Round the world racer Josh Hall explains to Andy Rice how to make the most of your autopilot for downwind sailing to make your boat faster and safer
Top-spec autopilots have become very sophisticated, not least in the use of AI (artificial intelligence), so much so that modern autopilot systems on an IMOCA 60 won’t leave you much change out of €500,000.
Fortunately many classes, such as the Class 40, don’t permit AI, and the autopilot remains an affordable extra crew member that doesn’t require food or sleep. Meanwhile the drive for ever-better reliability and reaction time demanded by the racing community has led to trickle-down improvements for pilots used in cruising applications.
Josh Hall has done enough solo miles to understand the good, the bad and the ugly of your typical mid-range autopilot system. Here Josh offers his five best tips on how to set up your boat for fast and safe downwind sailing, where you’re working in harmony with – not against – your precious autopilot.
Keep the centre of effort forward
The Class 40 boats are pretty much designed to be reaching and running machines in much the same way as the IMOCA boats. In strong downwind conditions we don’t sail these boats like traditional, heavier boats. They’re asymmetric with bowsprit, so you need to keep the true wind angle on a fairly hot setting to maximise the speed.

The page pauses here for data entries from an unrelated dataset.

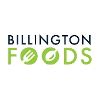 BILLINGTON FOODS Development Chef Job in Scunthorpe, England | Glassdoor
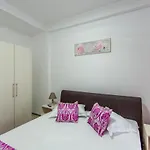 Apartament Nacis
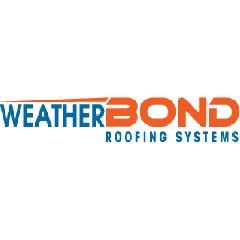 WeatherBond 60 mil 10' x 50' Non-Reinforced FR EPDM Membrane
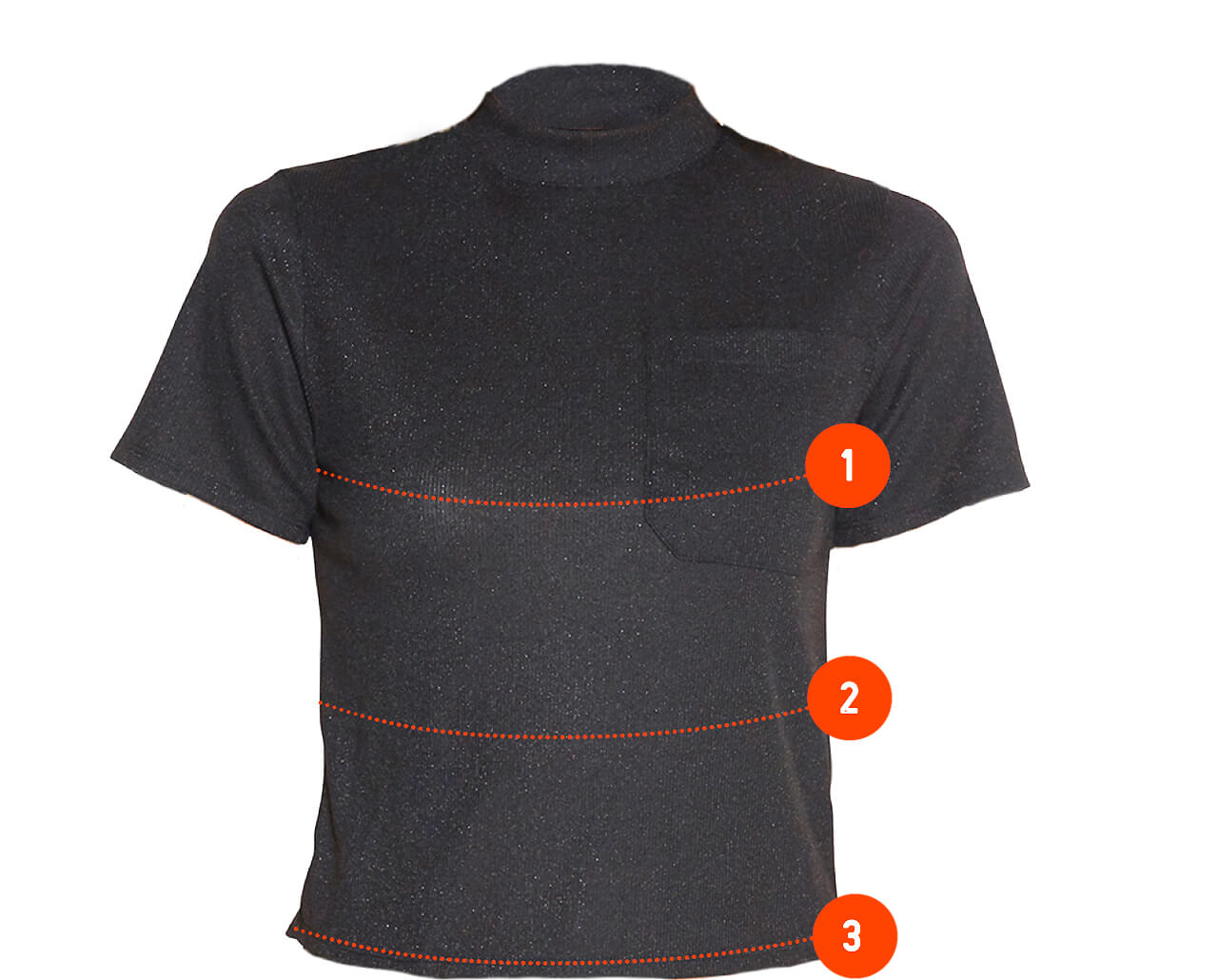 Size guide image
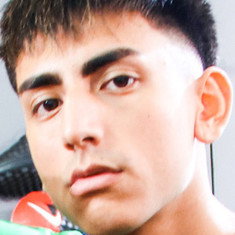 Rene Sava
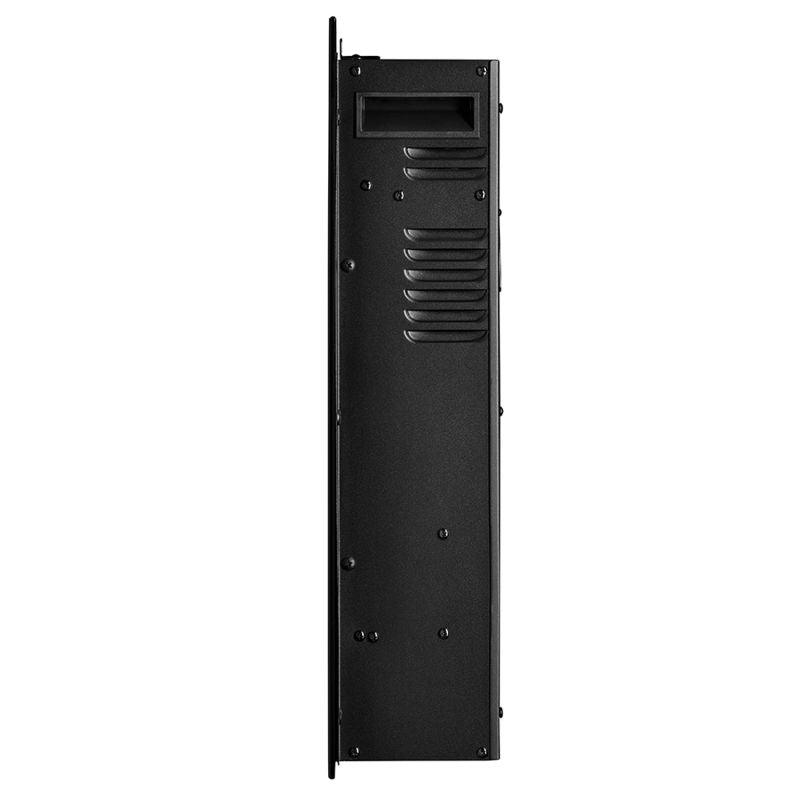 Insert de cheminée électrique Napoleon Allure 50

To keep the boat tracking downwind in a fast and safe mode, make sure the centre of effort of the sail plan is well in front of the mast. It’s better to have a well-reefed mainsail and have two headsails up because the boat will be much better behaved in a straight line as well as being easier to gybe. On a cruising boat it’s quite possible to have two headsails out and the mainsail down altogether. You reduce the risk of a broach enormously once you take the mainsail out of the equation.
Aim for high averages
Speed is your friend. The average ocean wave travels at 25 knots, so when you’re going fast and closer to wave speed you reduce the loads and make the boat safer and easier to handle. Set up your boat for high average speeds, don’t try and chase the peak speed at the expense of having any real slow moments. Trim the sail plan for good average speed and the autopilot will thank you for it.
Watch the tiller
Modern autopilots are very good at adapting to different wind and wave conditions. Even the non-AI systems have a good brain and a variety of settings that you can manipulate for different wind conditions. However, actually taking the helm and having a feel for what the pilot is dealing with is quite a good idea to get a sense of which way the loads are pulling on the tiller.
If you watch the tiller, it will tell its own story. If it’s oversteering, you can see it show up on the rudder reference screen, showing you how much rudder is on one way or the other. You can soon see if it’s working too hard, whether it’s got lee helm or weather helm, and adjust your sail plan accordingly.
TWA or compass heading?
Learn when to set the autopilot to true wind angle (TWA) or compass heading. Setting the autopilot to TWA can be useful in big waves, because as the boat accelerates down the face of a wave, the apparent wind screams forward yet the true wind angle remains the same. This means the autopilot is not going to put the boat into a massive bear away, which by the time the gust of wind has gone puts you on a gybe point (and then it’s trying to head back up and throw you into a broach).
But when sea conditions predominate – and particularly in confused seas – we sometimes need to put the autopilot on a compass course, which stabilises the steering. Then you need to watch the wind direction and actively trim the boat around the constant compass heading, whereas if you’re on a TWA you can let the boat go more, while accepting that you’re going to do more of a snaky course.
If it’s a very stable wind then having it on a compass heading is a good option. So depending on the wind and sea conditions you choose your mode. You want the autopilot to be making small adjustments all the time, not making big changes retrospectively.
For a high performance autopilot for something like a Class 40, there are only really two options I’d consider; NKE or B&G. In terms of how they perform I don’t think there’s a lot to choose between the two, but what B&G do have is global support, while NKE is a bit more French-centric. As for the actual ram that controls the tiller, Raymarine is pretty much the industry standard these days.